In my previous post I described how to use Google’s federated login to get an oAuth access token. Now that we’ve stored our access token, we’re going to want to use it in future requests to access the user’s data. Here’s how:
# set up service
gdata_service = gdata.service.GDataService()
gdata_service.SetOAuthInputParameters(gdata.auth.OAuthSignatureMethod.HMAC_SHA1, settings.GOOGLE_CONSUMER_KEY, settings.GOOGLE_CONSUMER_SECRET)
# build access_token object and signed request
scopes = [settings.GOOGLE_ANALYTICS_ACCOUNT_URI, settings.GOOGLE_ANALYTICS_DATA_URI]
oauth_input_params = gdata.auth.OAuthInputParams(gdata.auth.OAuthSignatureMethod.HMAC_SHA1, settings.GOOGLE_CONSUMER_KEY, settings.GOOGLE_CONSUMER_SECRET)
access_token = gdata.auth.OAuthToken(scopes=scopes, oauth_input_params=oauth_input_params)
gdata_service.current_token = access_token
# request feed
feed = data_service.GetFeed(settings.GOOGLE_ANALYTICS_ACCOUNT_URI)
feed is a GDataFeed object which can easily be iterated over, like so:
for entry in feed.entry:
To be honest, I’m not sure if the scopes are necessary but I included them for the sake of completeness. Setting
oauth_input_params for the oAuth token is essential and something that took me a while to figure out – I had assumed that setting the parameters for the Gdata service would be enough.
I am directly assigning the access token to the Gdata service.

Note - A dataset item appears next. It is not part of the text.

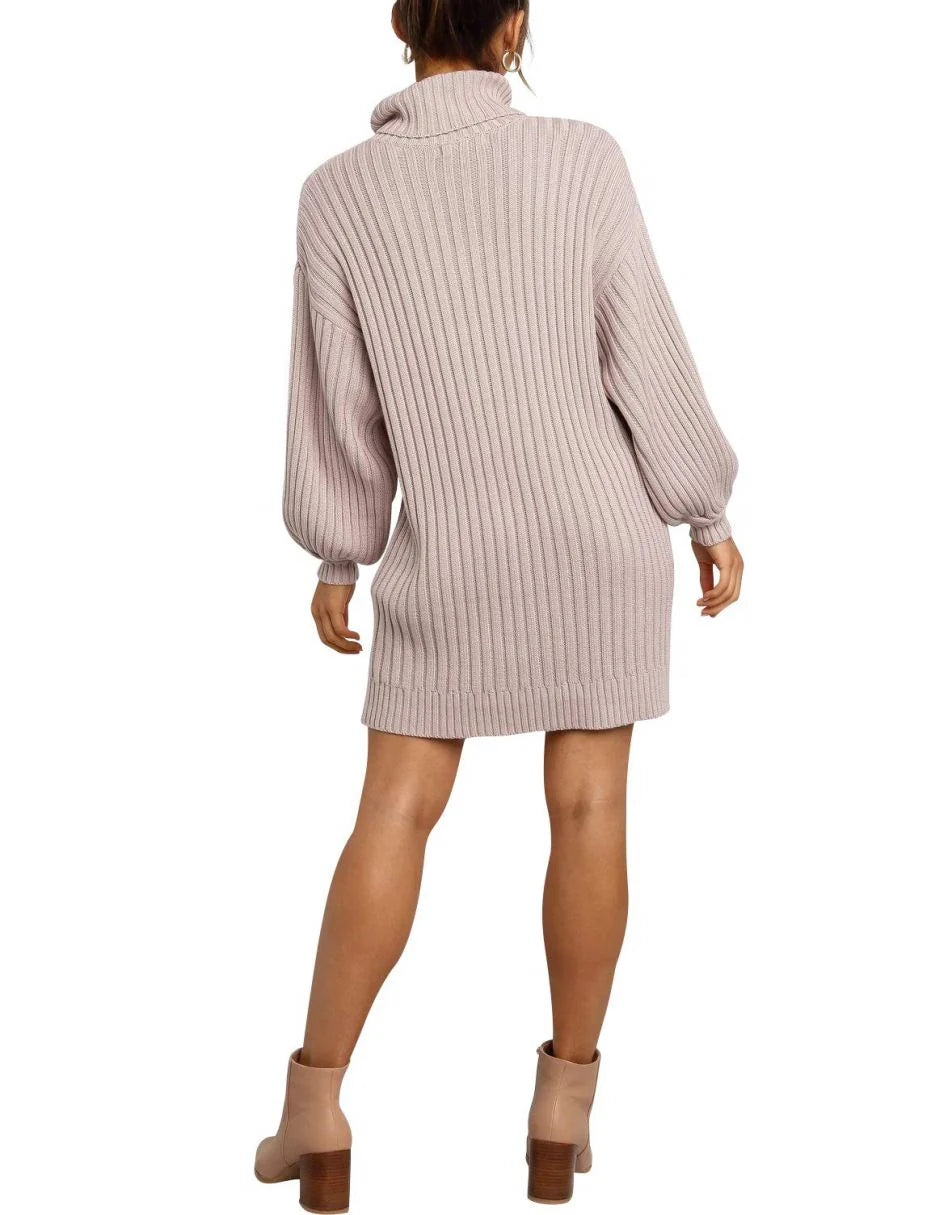 Women Turtleneck Oversized Sweater Pullover Dresses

I had originally tried to use the setter –
gdata_service.SetOAuthToken(access_token) – but had problems and switched to direct assignment. However, my problem could very well have been somewhere else, so feel free to try using the method.
Finally, you may have noticed that I’m querying the Analytics Data API. I hope to have more to announce about that soon. In the meantime, I’ll note that
gdata-python-client doesn’t have specific Analytics support, which is why I’m using the generic Gdata service.